Species distribution data are always incomplete snapshots of actual species distributions, which are dynamic and thus constantly changing. Predicting species distributions and how they may evolve is crucial for ecosystem management and conservation planning, but the intrinsic unpredictability that is inherent to living organisms prevents accurate categorical forecasts of species’ occurrence sites, or accurate delimitations of their distribution ranges.
In this course we will analyse the limitations and uncertainties associated with species distribution records, and provide methods for dealing with them, including species distribution models treated with fuzzy logic and quantum mechanical concepts.

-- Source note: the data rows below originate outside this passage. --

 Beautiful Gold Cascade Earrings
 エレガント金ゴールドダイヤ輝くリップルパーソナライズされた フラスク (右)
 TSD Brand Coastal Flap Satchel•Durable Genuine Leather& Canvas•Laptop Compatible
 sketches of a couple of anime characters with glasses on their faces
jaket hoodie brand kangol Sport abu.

The course will include theoretical and practical lessons. We will use particular R packages, such as fuzzySim and modEvA, for 1) modelling species distributions based on available occurrence records; 2) evaluating the predictive capacity of these models using a varied set of measures that address different facets of model performance, such as discrimination, classification, explanatory power and calibration; and 3) incorporating natural uncertainty in analyses of species distributions, namely using fuzzy logic and formulas from quantum mechanics to assess similarity, diversity and change in biogeographical communities.

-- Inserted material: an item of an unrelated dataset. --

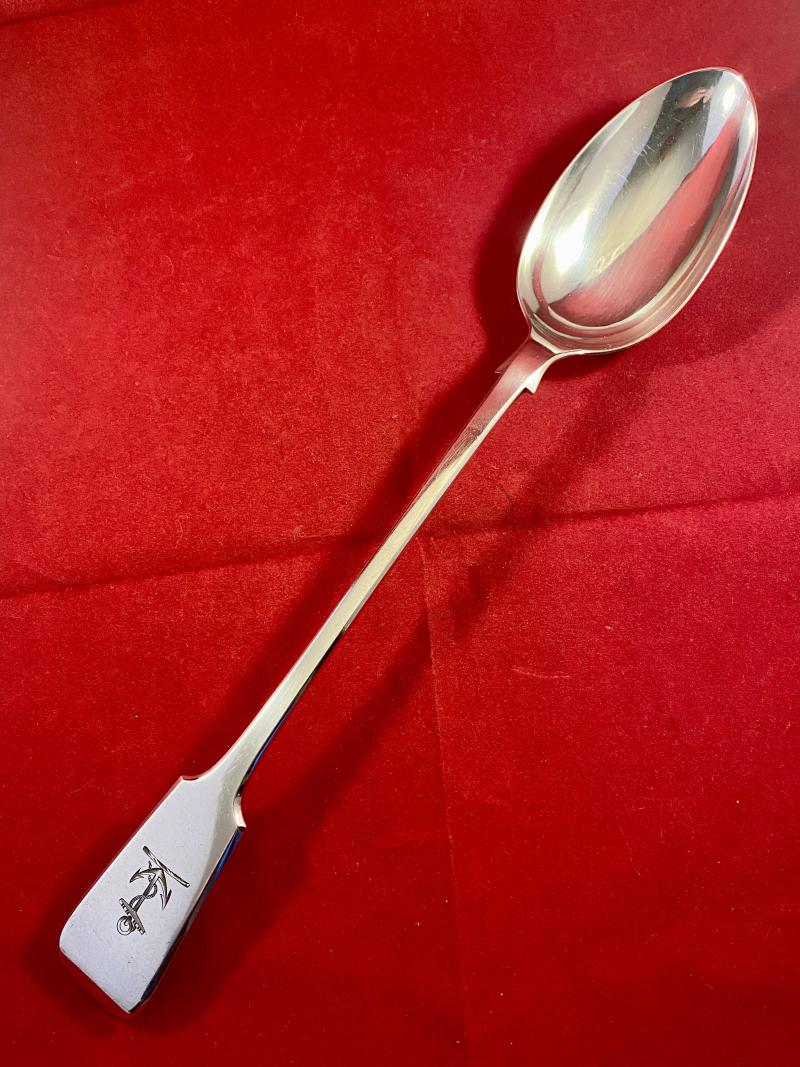 Stunning Large Victorian Royal Navy Silver Plated Basting Spoon by Elkington & Co. Ltd 1854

We will provide sample data for most of the course, but students will also have a chance to apply what they have learned to their own data if they wish.
All participants must have a personal laptop with R installed, webcam if possible, and a good internet connection. Basic knowledge of R is required.
This course will be delivered online.
Please check the schedule for the live online part, and be aware that it is UTC+1 (Madrid time zone).
October 12th-16th, 2020
COURSE LENGTH & ECTS
28 hours online.
This course is equivalent to 1 ECTS(European Credit Transfer System) at the Life Science Zurich Graduate School.
The recognition of ECTS by other institutions depends on each university or school.
Places are limited to 16 participants and will be occupied by strict registration order.
Participants who have completed the course will receive a certificate at the end of it.
- Introduction to species distributions.
- Types of distribution data: Presence-only, presence-absence, range maps.
- Facing uncertainty in species distributions.
- Introduction to modelling species distributions.
- Presence-only, presence-background and presence-absence modelling methods.
- Overview of R packages for modelling species distributions.
- fuzzySim introductory practice: Obtaining distance-based fuzzy distribution data.
- Species distribution modelling with the favourability function.
- fuzzySim modelling.
- Calculating “quantum” measures of diversity and distributional change.
- Evaluating the fit and predictive capacity of distribution models.
- modEvA practice: Analysing and evaluating fuzzy distribution data.